Requirement => Repeat the listing exactly. Any picture in it should be left out of the copy.

Data for processing =>
+ + + +

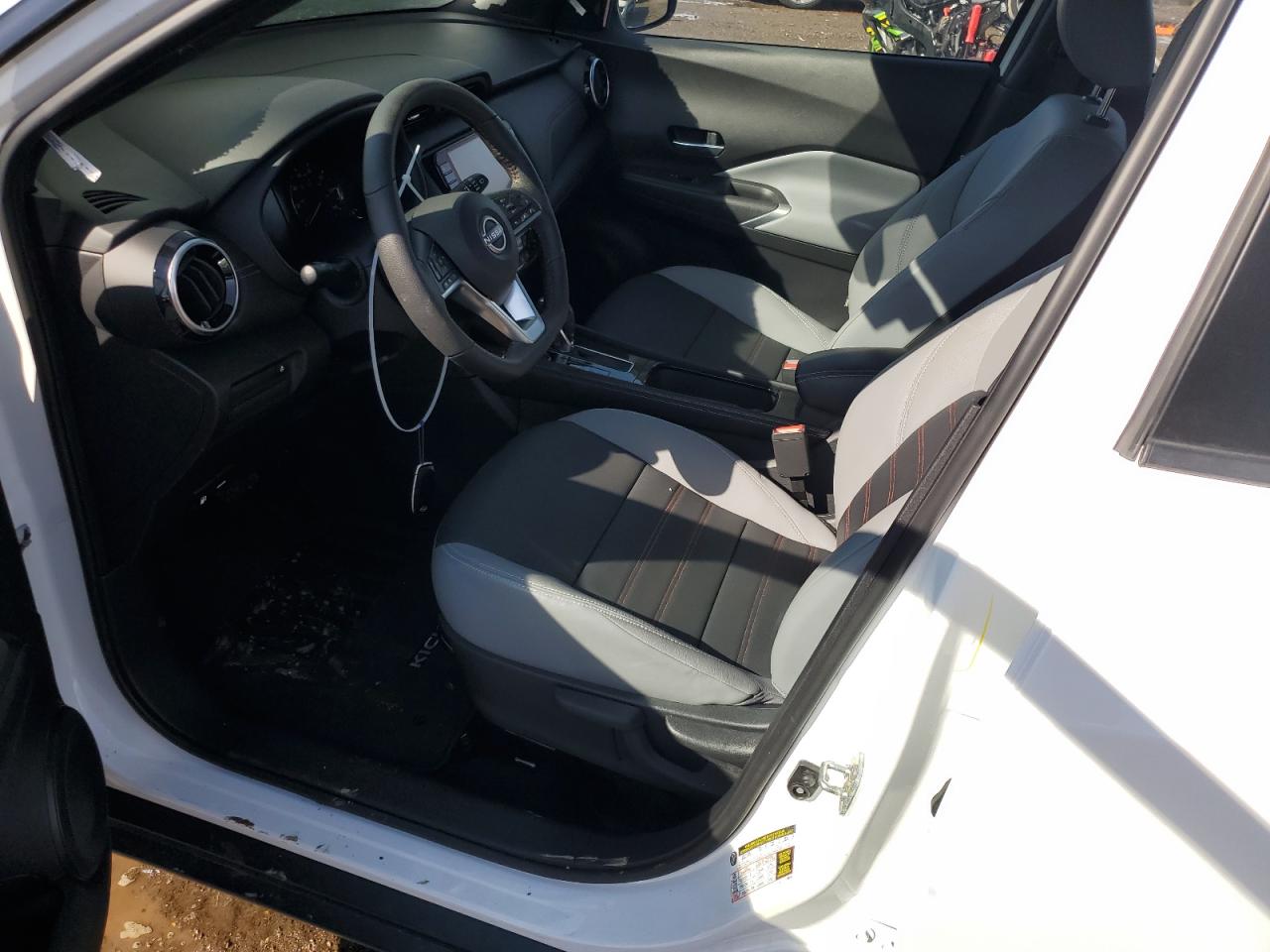 2023 NISSAN KICKS SR VIN:3N1CP5DV1PL571928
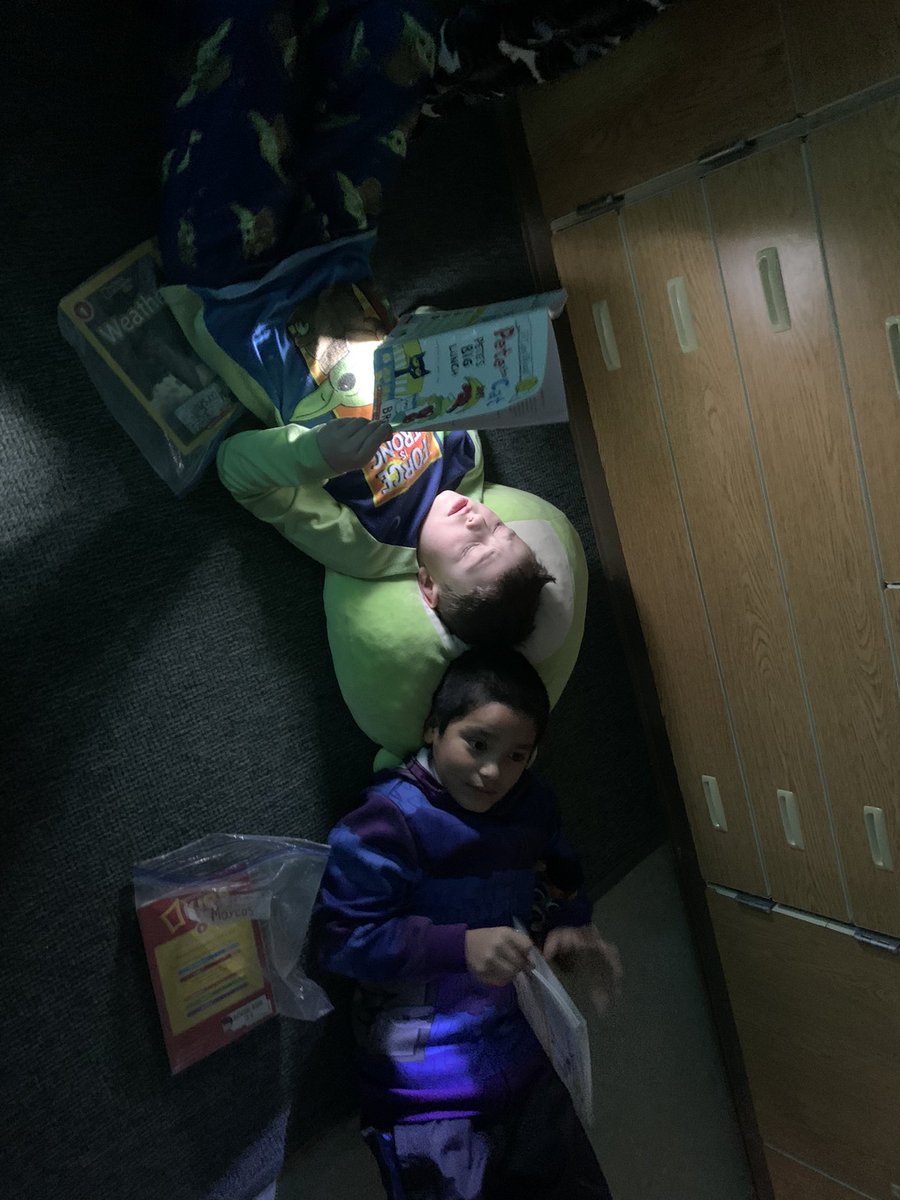 We ❤️ flashlight reading! 📚 #theMESway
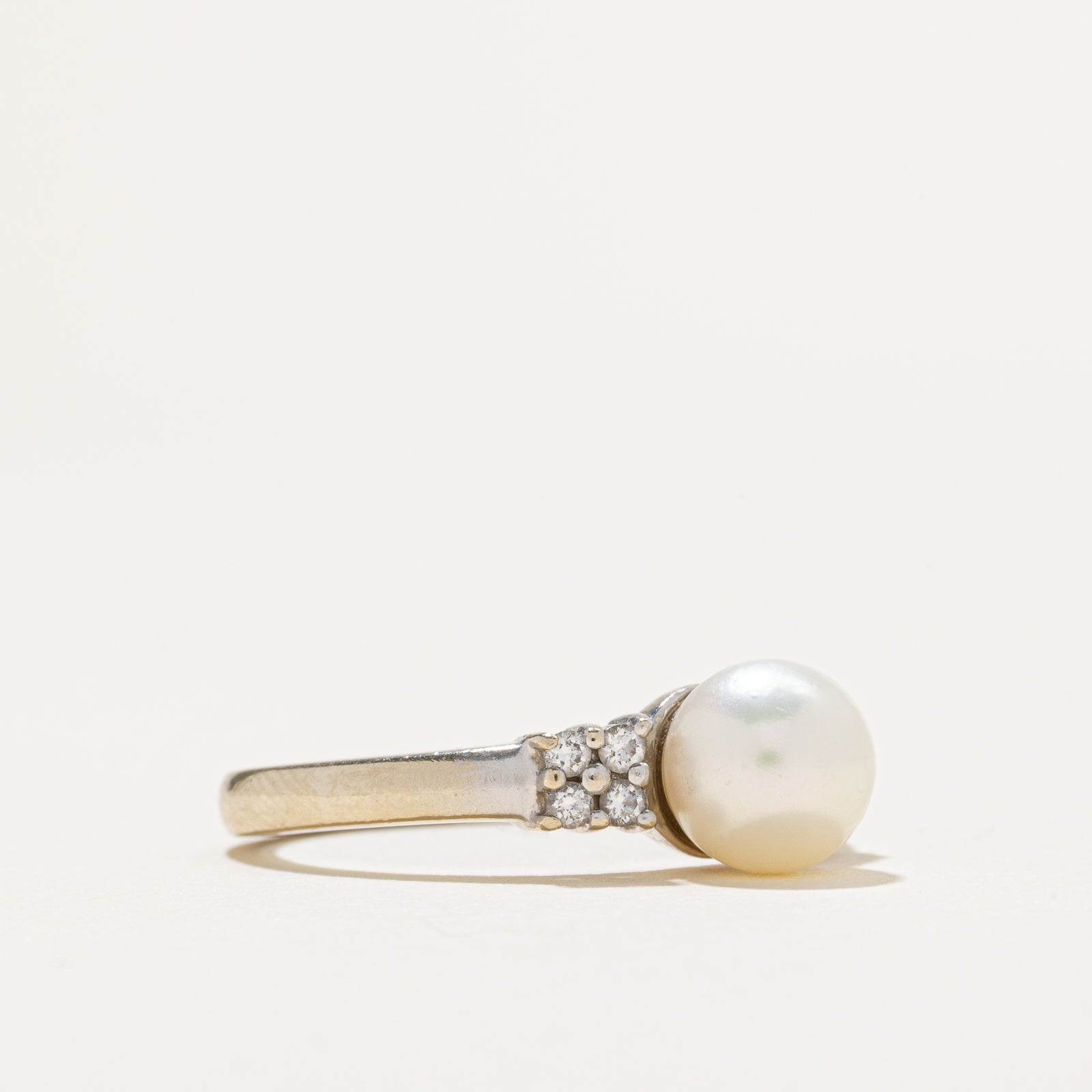 Pearl & Diamond Ring | 0.11ctw | SZ 7.5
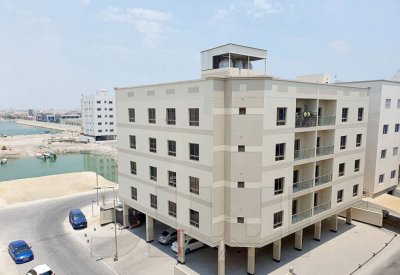 عمارات في الحد تضم الشرفة إلى الشقق.. والبلدية تشعر 33 مخالفاً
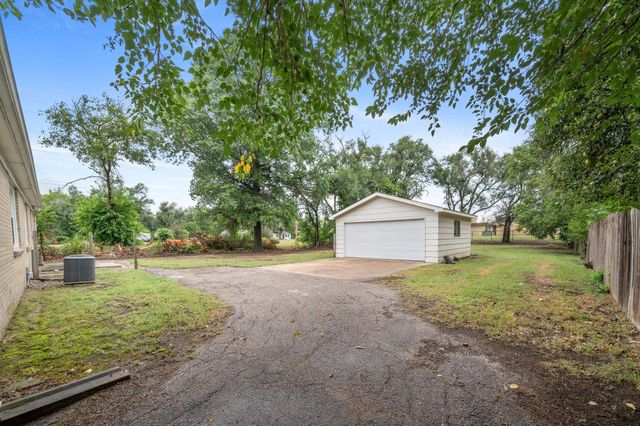 1722 W 29th St N, Wichita, KS 67204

+ + + +

Output of the task =>
 2023 NISSAN KICKS SR VIN:3N1CP5DV1PL571928
 We ❤️ flashlight reading! 📚 #theMESway
 Pearl & Diamond Ring | 0.11ctw | SZ 7.5
 عمارات في الحد تضم الشرفة إلى الشقق.. والبلدية تشعر 33 مخالفاً
 1722 W 29th St N, Wichita, KS 67204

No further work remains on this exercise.